───── Input data
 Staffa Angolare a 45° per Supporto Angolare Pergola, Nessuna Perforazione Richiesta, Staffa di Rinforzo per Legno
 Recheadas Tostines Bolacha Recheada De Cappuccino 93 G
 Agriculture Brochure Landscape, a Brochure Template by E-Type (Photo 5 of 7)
──────────
───── Input data
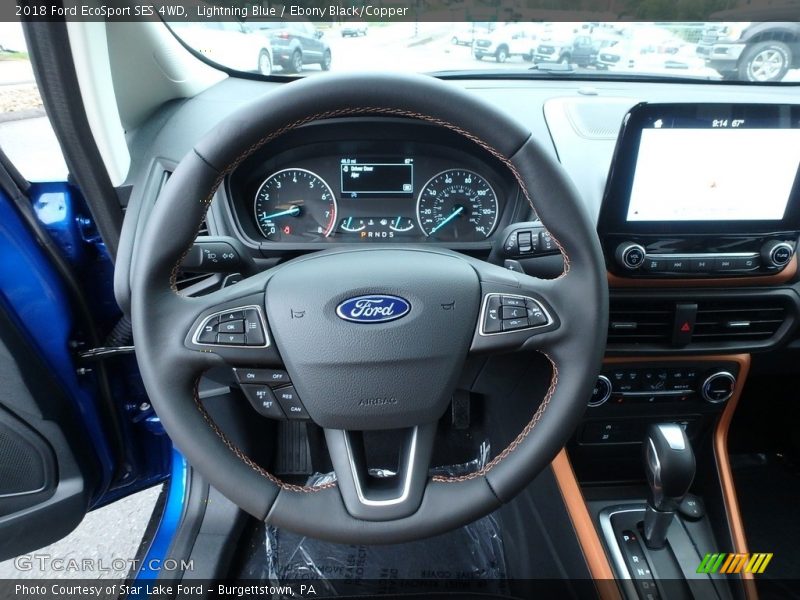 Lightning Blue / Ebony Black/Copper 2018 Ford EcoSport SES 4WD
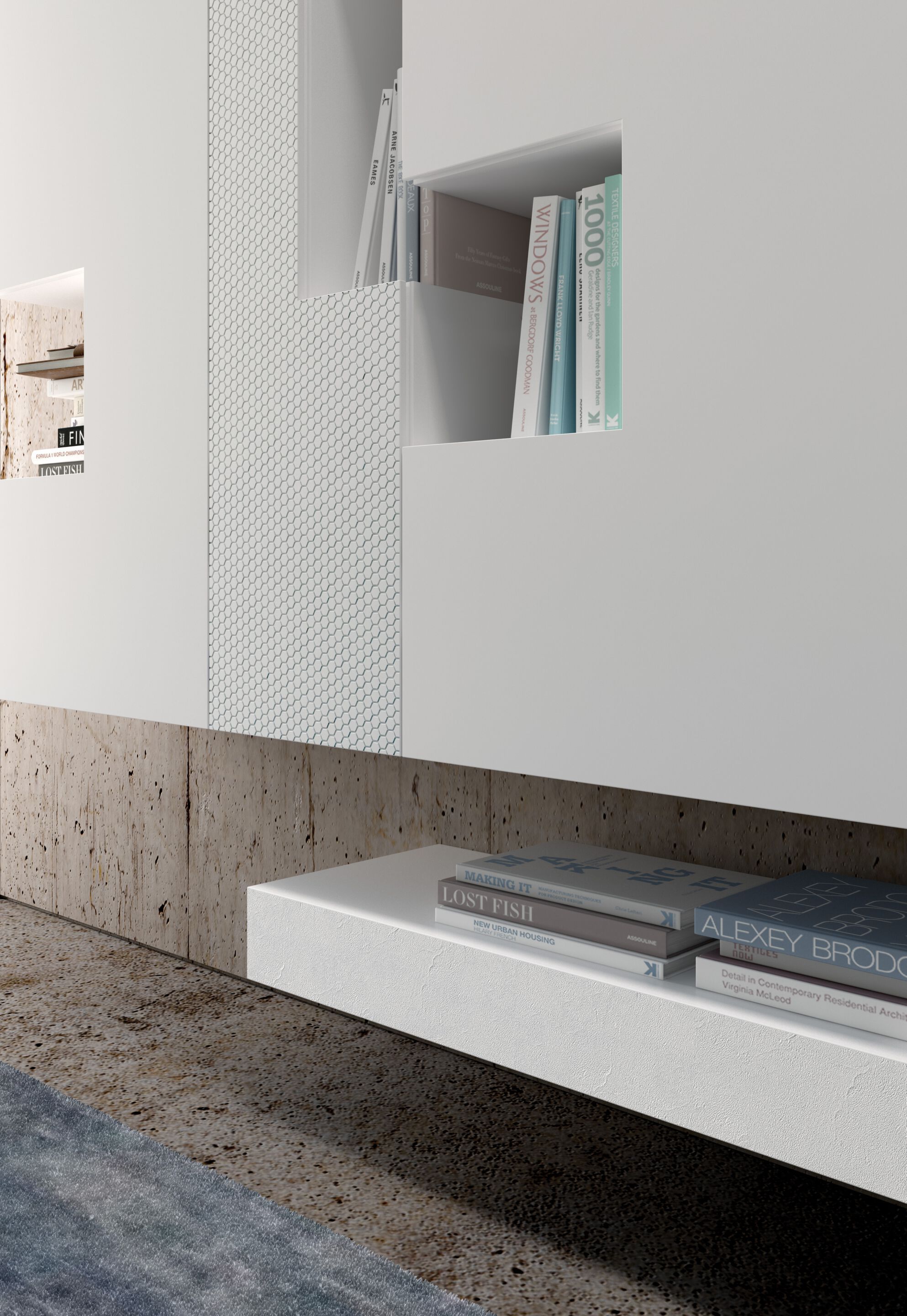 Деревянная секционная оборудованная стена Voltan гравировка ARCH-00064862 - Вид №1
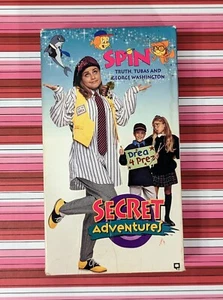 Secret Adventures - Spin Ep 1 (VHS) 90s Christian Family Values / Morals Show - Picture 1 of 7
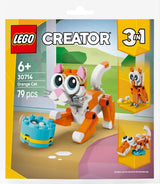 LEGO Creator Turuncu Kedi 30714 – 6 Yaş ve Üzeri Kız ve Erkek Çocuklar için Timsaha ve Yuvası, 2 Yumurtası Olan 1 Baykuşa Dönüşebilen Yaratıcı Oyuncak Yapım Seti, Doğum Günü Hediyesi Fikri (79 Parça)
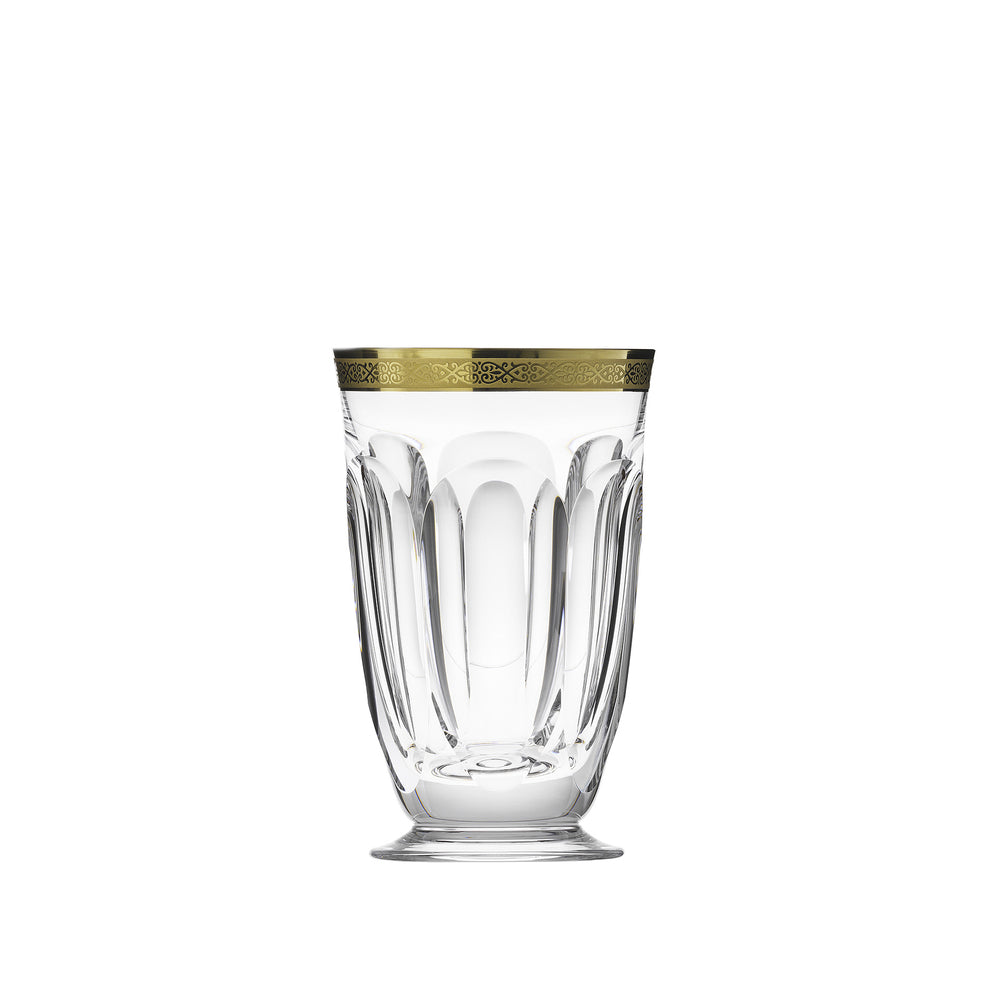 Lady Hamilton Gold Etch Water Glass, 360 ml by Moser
──────────
───── Input data
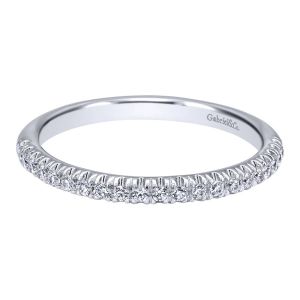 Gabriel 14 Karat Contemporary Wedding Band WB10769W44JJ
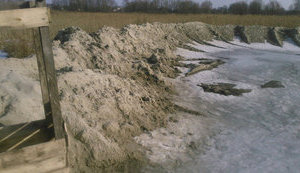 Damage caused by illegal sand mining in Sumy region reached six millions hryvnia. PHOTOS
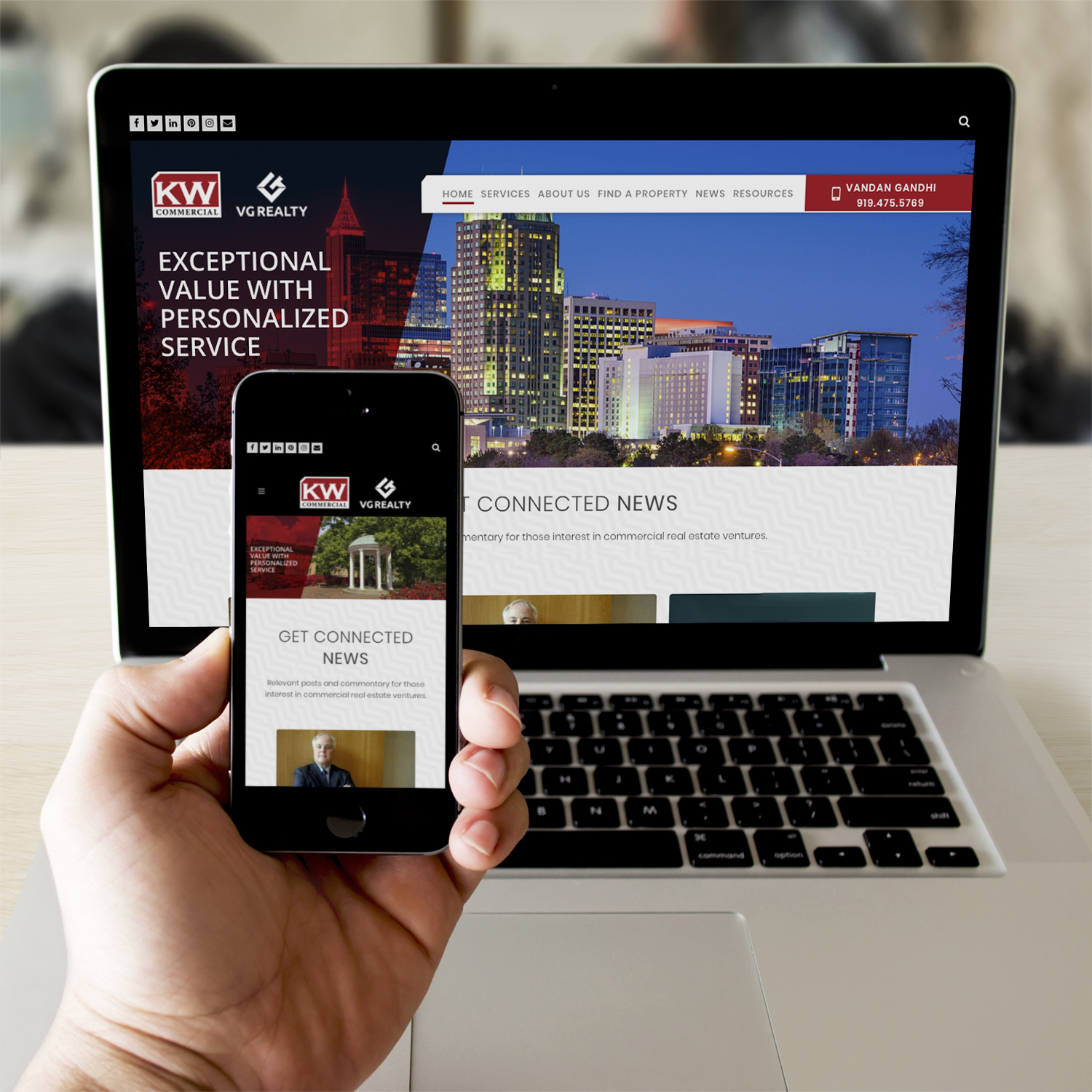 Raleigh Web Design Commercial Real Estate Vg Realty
──────────
Task prompt:
Write out exactly the lines that fall from the line with "Staffa Angolare a" to the line with "Agriculture Brochure Landscape, a" in the records above, keeping both ends.

Written answer:
 Staffa Angolare a 45° per Supporto Angolare Pergola, Nessuna Perforazione Richiesta, Staffa di Rinforzo per Legno
 Recheadas Tostines Bolacha Recheada De Cappuccino 93 G
 Agriculture Brochure Landscape, a Brochure Template by E-Type (Photo 5 of 7)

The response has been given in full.